CEDIA presented the results of its annual U.S. Market Size & Scope of the Residential Technology System industry survey, taken in mid-June, at its Expo 2019 show, and it showed that current housing market dynamics point to increased opportunity for connected-technology integrators – especially among affordable-home buyers, according to a summary given by Grant Farnsworth of The Farnsworth Group, which did the research.

However, multiple housing market dynamics are at play – and are making an impact. For one thing, he said, people aren’t selling their homes as frequently, which is affecting market inventory.

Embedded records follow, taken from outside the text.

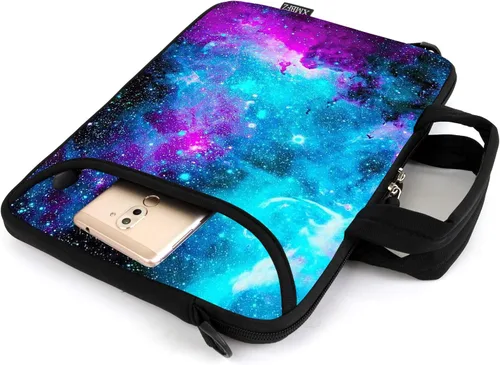 Miniatura 3 de Funda para laptop de 15.6 pulgadas, estuche para chromebook, correa de hombro ajustable con asa, bolsillo para accesorios (Galaxias azules)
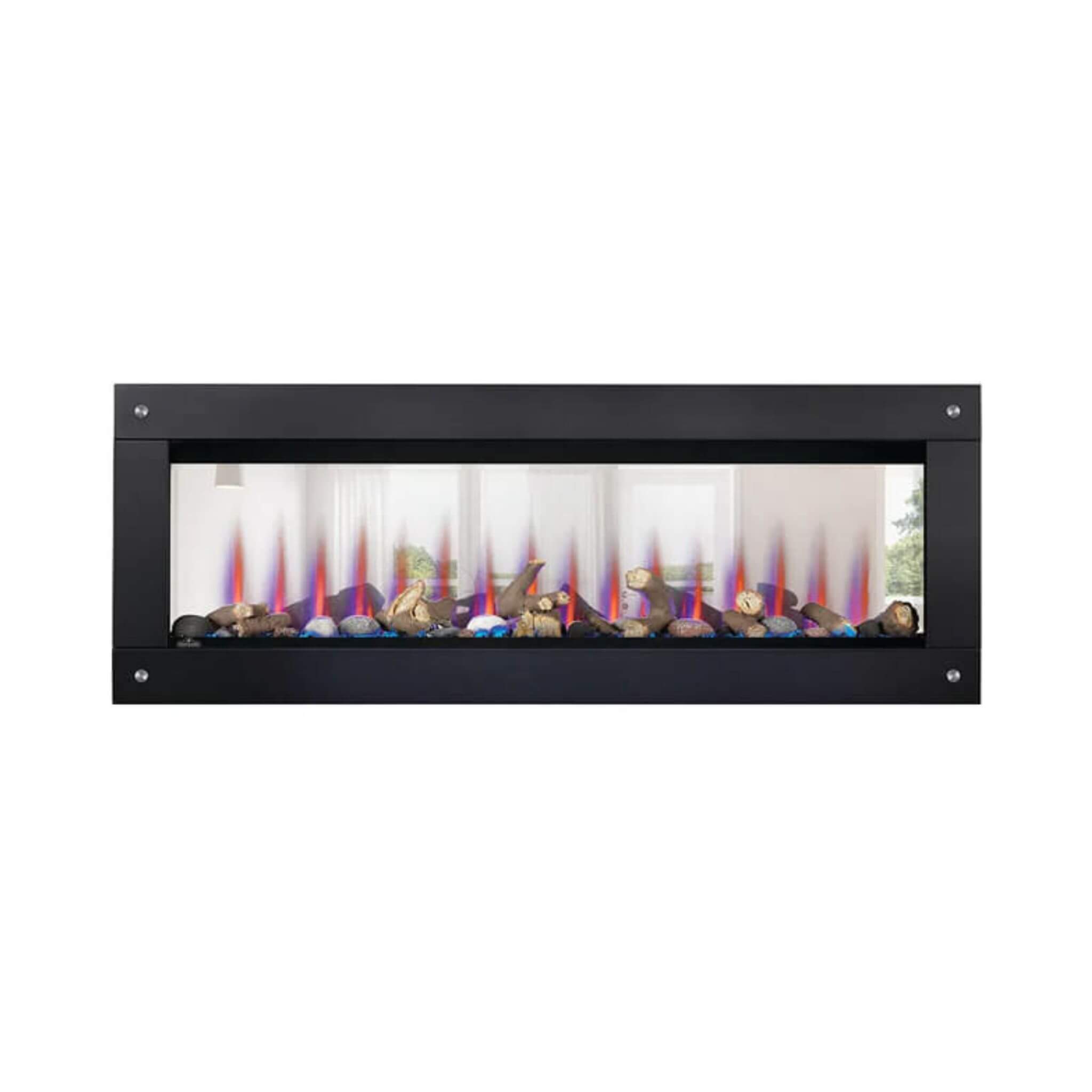 Fully Recessed See Thru Wall Mounted Electric Fireplace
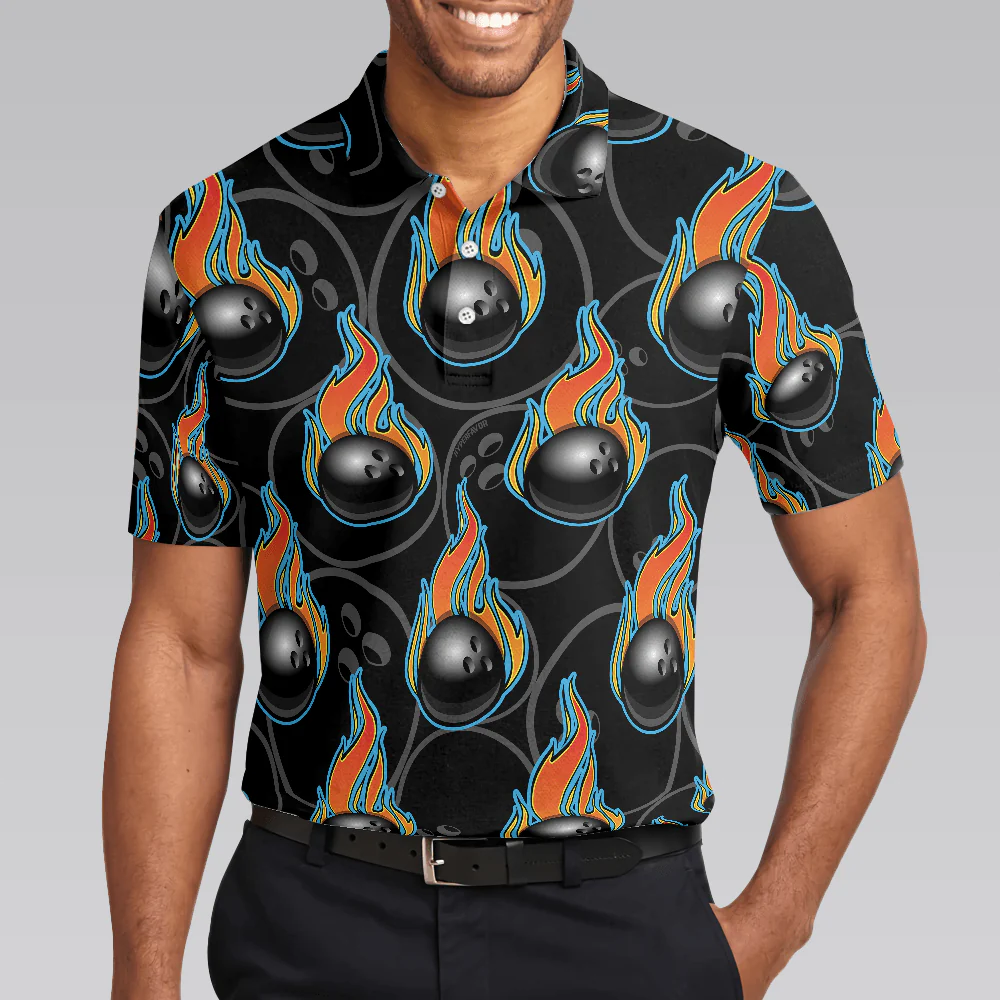 Bowling Men Polo Shirt - Bowling In Fire Seamless Pattern Bowling Polo Shirt - Perfect Gift For Friend, Family, Bowling Lovers - Image 5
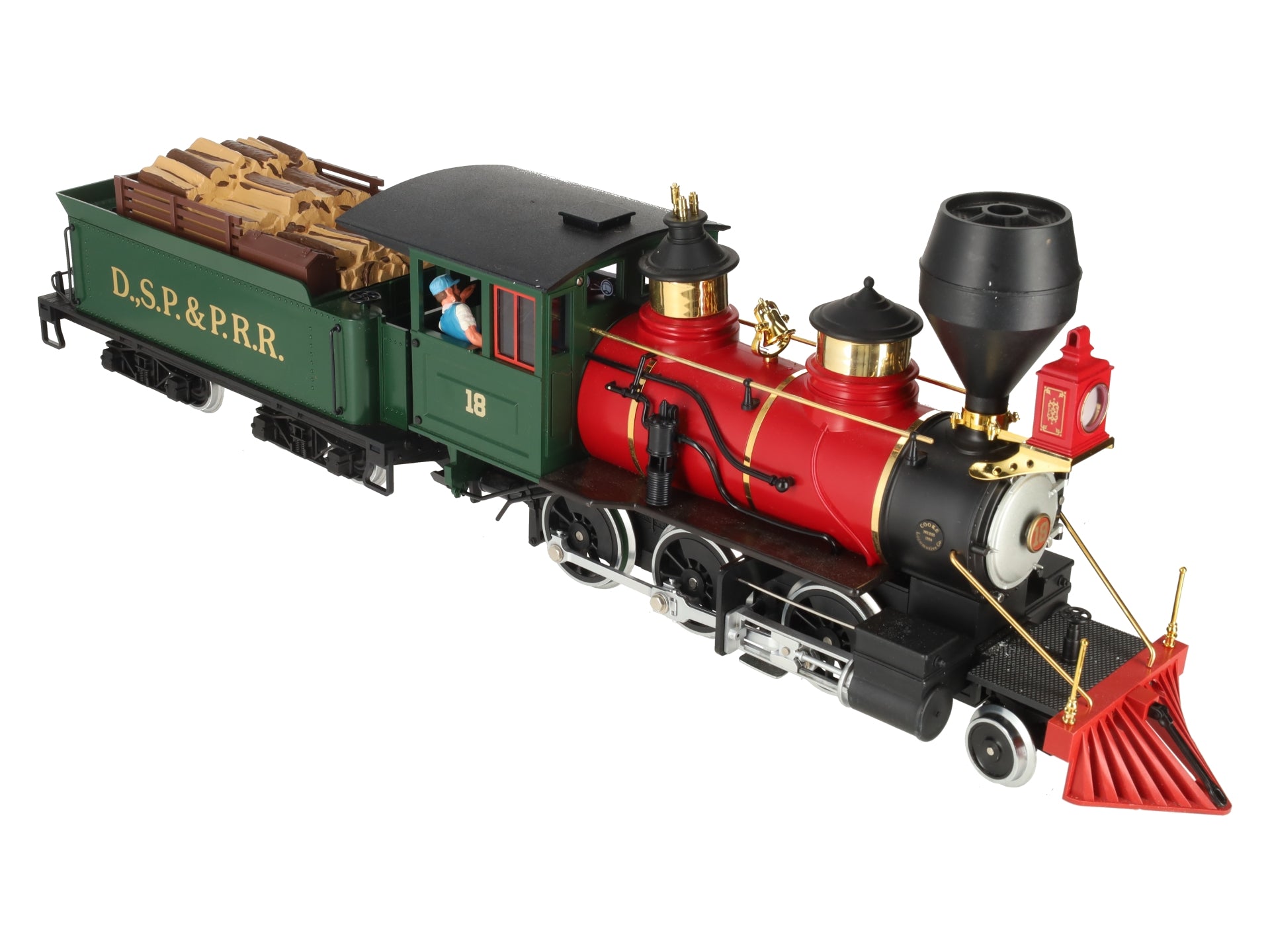 LGB 2018D G Scale DSP&PRR 2-6-0 Mogul Steam Locomotive & Tender #18 EX/Box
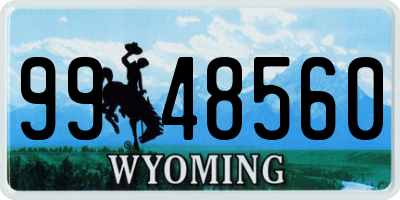 WY license plate 9948560
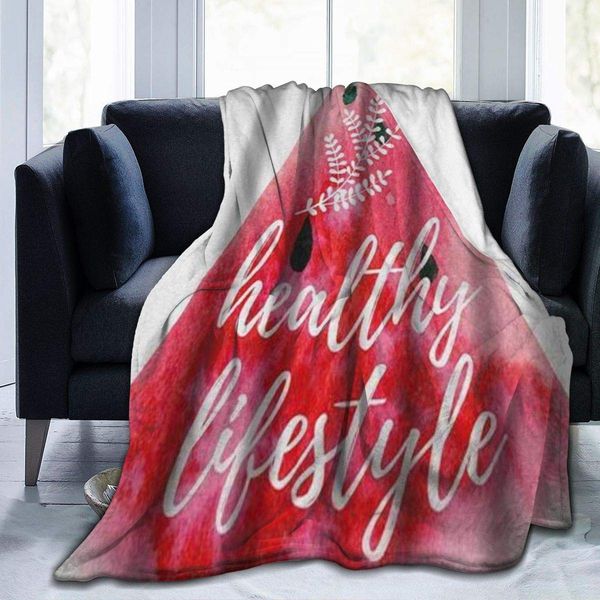 

Throw Blanket for Kids Teens Adults Warm Fitness Tropical Healthy Lifestyle Quote Vivid Hand Drawn Watermelon with Herbs All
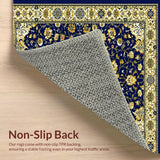 Ultra Soft Area Rug, Non Slip, Stain Resistant, Washable Area Rugs for Living Room, Bedroom, Striking Abstract Floral Area with Elegant Blue and Gold(Blue)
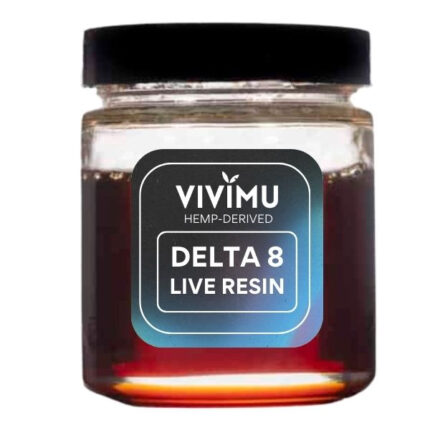 Vivimu branded clear glass jar containing Delta 8 live resin extract with a rich amber-red hue. The label reads 'Vivimu Hemp-Derived Delta 8 Live Resin' on a gradient black and blue background, with the jar sealed by a black lid.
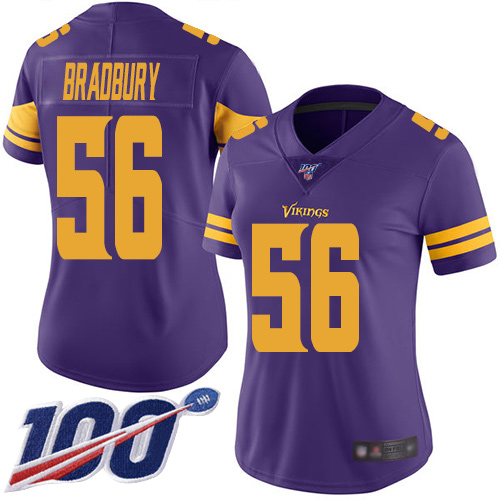 Vikings #56 Garrett Bradbury Purple Women's Stitched Football Limited Rush 100th Season Jersey
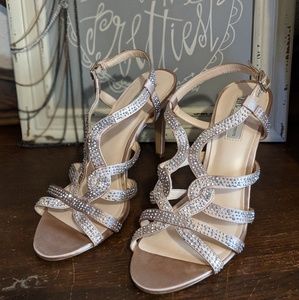 Sandal heel rhinestone satin gold open toe sandal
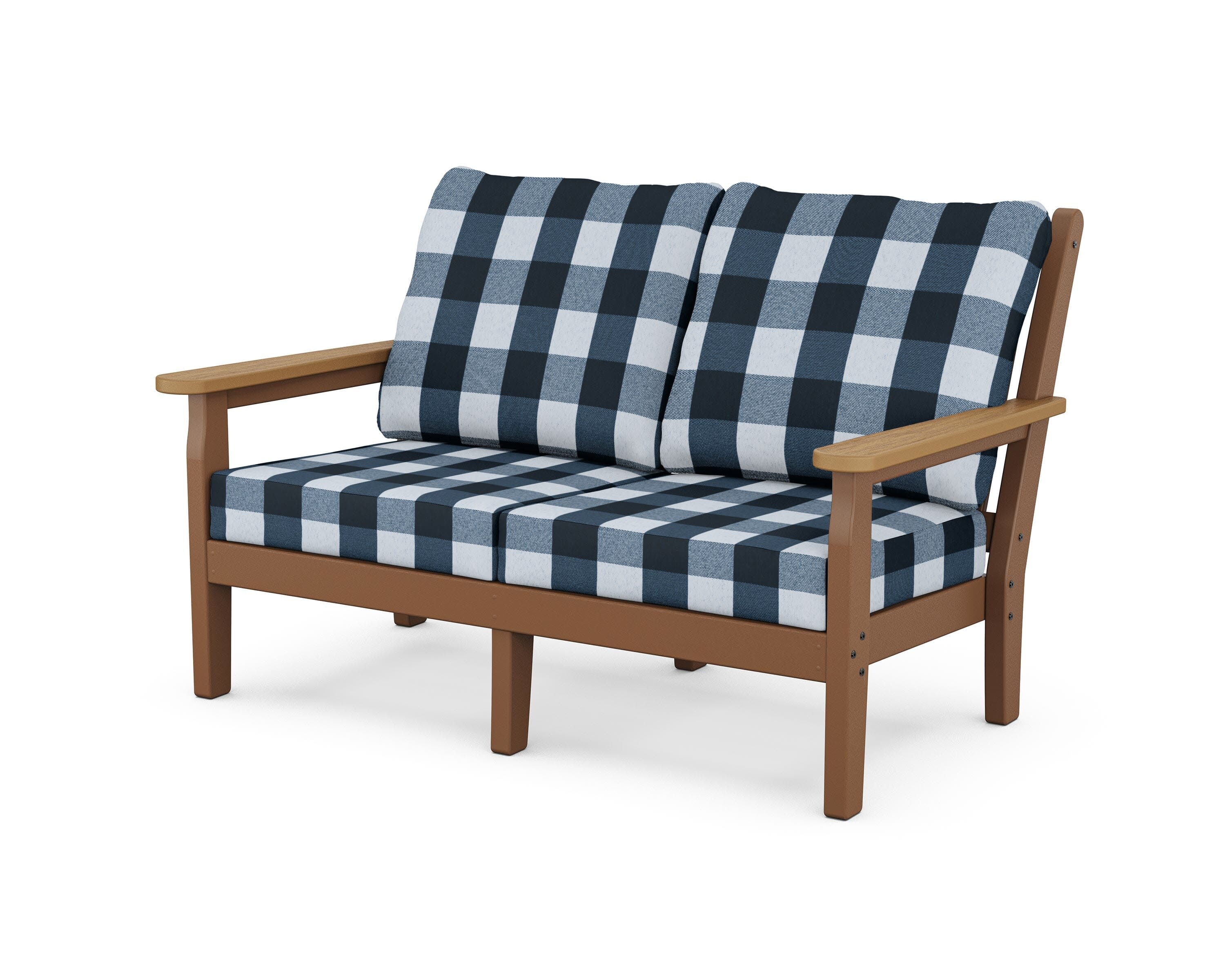 Chippendale Deep Seating Loveseat in Teak / Natural / Buffalo Plaid Marine Indigo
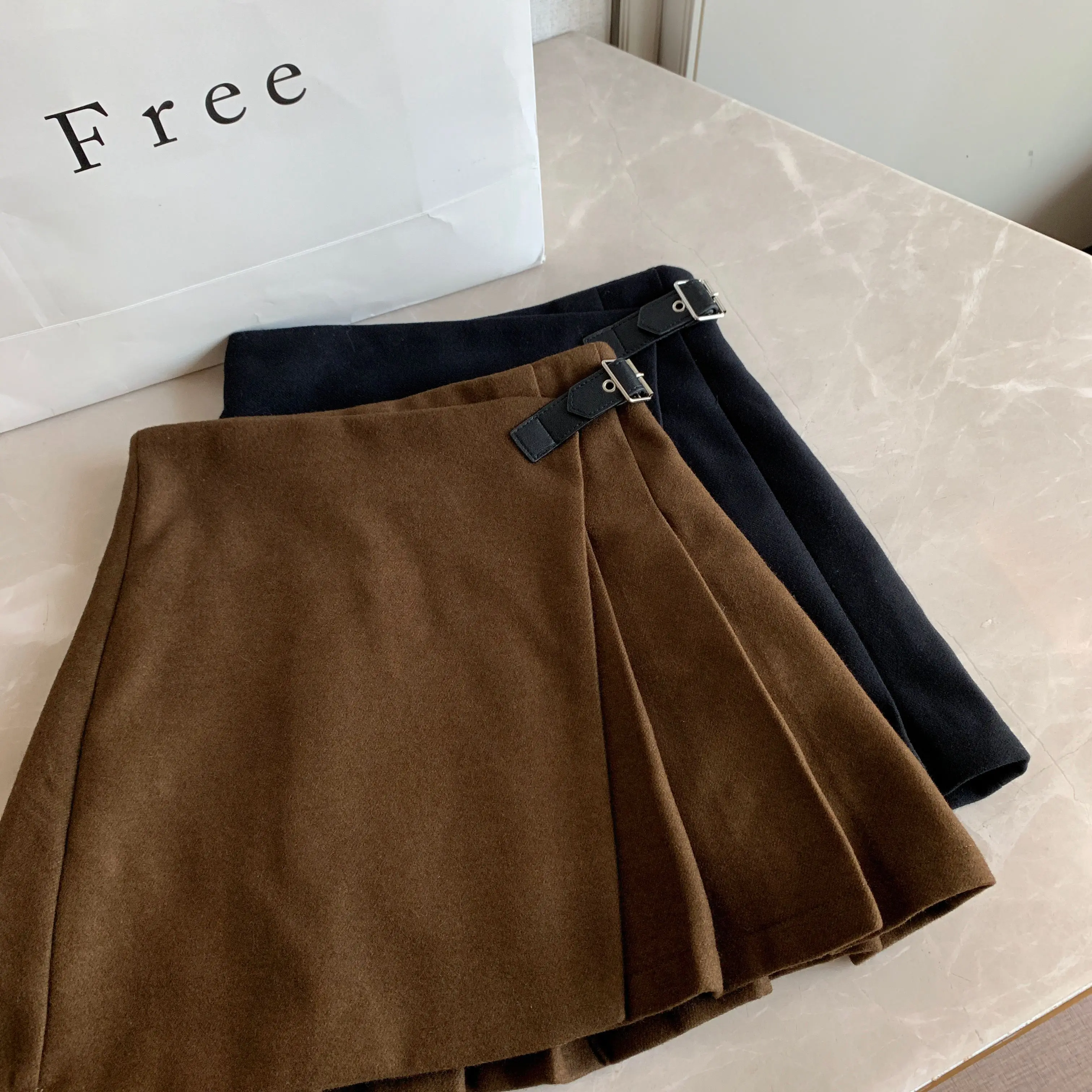 

mini skirts balck Women's Clothing fashion brand new office lady mujer moda pleated solid spring fall style skirt ins high waist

And while existing-home pricing is on the rise, the building industry is feeling the impact of tariffs on finished goods – the elements and tools needed to make new homes – putting a damper on new affordable-home construction.

In the new-construction sector, Farnsworth reported to the audience, “the luxury [home] market is saturated… The opportunity is in affordable homes… There’s still opportunity out there, but the growth will not be on the luxury side.” He noted that integrators would do well to take note of the mindset of home buyers – namely, Millennials – who are just moving up from entry-level homes and who are becoming more familiar with do-it-yourself (DIY)-friendly home technology products that are flooding the market – and that are, no doubt, whetting their appetites for deeper home control solutions.

Dovetailing with these overarching findings are the following discoveries unearthed in the course of the research:

  • Dedicated home theater and media room installations are down, in parallel with lower numbers of luxury home purchases, as are the average numbers of these types of projects executed per year.
  • Opportunities abound in the outdoor entertainment category.
  • While audio systems project numbers were reported to be flat overall, average ticket size per install was up.
  • Average gross revenues in residential installations were reported to be somewhat flat, but there is potential for growth in the commercial installation category.
  • Lighting control remains a great revenue-generator for installers.
  • Integrators are adding more of certain project types to their workloads; these include security and monitoring systems, which present “a huge opportunity” – and installers are getting better about tapping into revenue opportunities in security monitoring. These categories – including having a “healthy home,” and monitoring of homes for their health and wellness aspects, are of particular interest to younger homeowners with children.

Among the top business challenges confronting technology integrators, finding qualified employees and training them was cited by around one in five respondents. Following that as the top pain point were challenges posed by the attraction of the market ubiquity of DIY products (cited by 18 percent) followed by consumers not appreciating the value in professional products and installation (16 percent). Just 10 percent noted integration complications/reliability of products as a top challenge, attesting to the overall robustness of the technology integration industry’s offerings and services.